▶ _Exercise_
Your answer must be the data repeated exactly, with no pictures in it.

▶ _Information supplied_

################

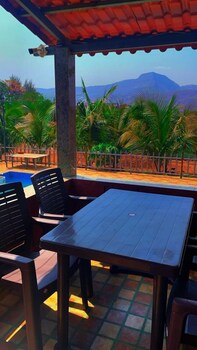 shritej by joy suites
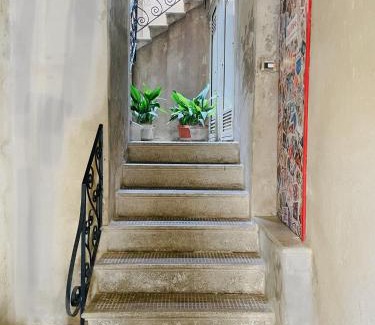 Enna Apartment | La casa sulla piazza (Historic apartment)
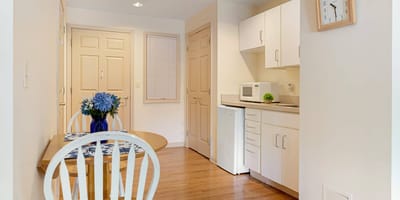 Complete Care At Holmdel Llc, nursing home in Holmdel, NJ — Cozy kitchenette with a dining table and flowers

################

▶ _Response to the exercise_
 shritej by joy suites
 Enna Apartment | La casa sulla piazza (Historic apartment)
 Complete Care At Holmdel Llc, nursing home in Holmdel, NJ — Cozy kitchenette with a dining table and flowers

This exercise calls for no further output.